Sunday, June 08, 2008 2PM matinee...another great performance by OBT.
Act I: Rubies by Balanchine.
We saw the company perform this in 2003 and enjoyed both performances. It is a fun ballet to watch and it looks like the dancers are having fun right along with the audience. Hope they firm up a few things if they are going to perform this ballet at the Kennedy Center. One of the lead females struggled and shook during a few of her positions, and we were unmoved by the lead male.
Act II: Tolstoy’s Waltz by Christopher Stowell.
This ballet was magnificent. Christopher really pushed the envelope with this one.
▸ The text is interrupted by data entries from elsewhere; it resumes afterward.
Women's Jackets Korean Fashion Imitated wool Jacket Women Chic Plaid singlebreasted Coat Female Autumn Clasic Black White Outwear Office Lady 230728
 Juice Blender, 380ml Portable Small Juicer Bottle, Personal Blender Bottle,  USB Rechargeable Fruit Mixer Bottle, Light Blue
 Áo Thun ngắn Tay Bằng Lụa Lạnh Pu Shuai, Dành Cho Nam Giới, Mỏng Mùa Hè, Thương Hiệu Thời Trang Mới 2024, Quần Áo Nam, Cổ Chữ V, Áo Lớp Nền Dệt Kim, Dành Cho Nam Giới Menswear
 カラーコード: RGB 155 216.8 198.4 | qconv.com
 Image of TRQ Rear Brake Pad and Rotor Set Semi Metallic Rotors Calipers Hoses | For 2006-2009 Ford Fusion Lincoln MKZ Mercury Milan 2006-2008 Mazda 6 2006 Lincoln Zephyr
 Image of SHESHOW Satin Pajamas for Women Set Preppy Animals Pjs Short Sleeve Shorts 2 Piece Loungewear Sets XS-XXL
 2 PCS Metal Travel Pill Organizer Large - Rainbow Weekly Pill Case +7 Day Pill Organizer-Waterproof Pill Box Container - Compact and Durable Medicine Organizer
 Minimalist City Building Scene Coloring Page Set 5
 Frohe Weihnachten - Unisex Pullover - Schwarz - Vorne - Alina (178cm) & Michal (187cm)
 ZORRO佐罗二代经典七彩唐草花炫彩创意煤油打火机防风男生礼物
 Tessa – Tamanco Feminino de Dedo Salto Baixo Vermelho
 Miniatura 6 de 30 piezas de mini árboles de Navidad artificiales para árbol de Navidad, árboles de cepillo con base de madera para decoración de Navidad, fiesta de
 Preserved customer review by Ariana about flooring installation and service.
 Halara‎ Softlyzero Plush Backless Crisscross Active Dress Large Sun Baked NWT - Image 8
In it Stowell finds the balance between classical and advent garde. Ann Mueller was outstanding, as usual, and the pas de doux with Kathi Martuza and Artur Sultanov could not have been more captivating. They were well matched and bold with their movements. Gasps could be heard at multiple times throughout the performance. We left with a new level of respect for Christopher Stowell after this show.
Act III: Raymonda by Yuri Possokhov (after Petipa).
As we were waiting for the show to start, my wife mentioned to me that her and a previous partner (a former board member for the SF Ballet) walked out in the middle of a performance of Raymonda in San Francisco when Rudolf Nureyev was the lead male. I had never heard of him before, but my wife tells me he is (or was) well known. I guess they had some issues with costume choices or Nureyev's take on the theme, or something....and felt the need to "make a point" as it were. Regardless, nobody left during today's show. I am not a big fan of the tutu, but the costumes today were beyond beautiful. Alison Roper was stunning! She is always stunning! Ronnie Underwood is perhaps the strongest male dancer in the whole company, and we need strong male dancers like him. It was pure pleasure to watch. This is why we go to the ballet!
We are thankful to have OBT. We are especially thankful both Alison Roper and Ann Mueller dance for this company. We dread the day when one, the other, or both leave. We have watched both these women since 1996 and they just continue to amaze us with both their strength and their grace. In a company that seems on the young side to us, these two dancers really stand out and have for a long time. We find them fascinating.
Questions or comments on ballet etiquette.
How does this compare to other venues around the country? Take into consideration that we choose to go to the Sunday Matinee, realizing full well Sunday matinee is when parents are most likely to take kids, the atmosphere is a little less formal, etc. The tickets still cost us around $75.00 each (which some of you will find inexpensive). To us, $150 is a significant amount to pay for two-three hours of entertainment. With that in mind....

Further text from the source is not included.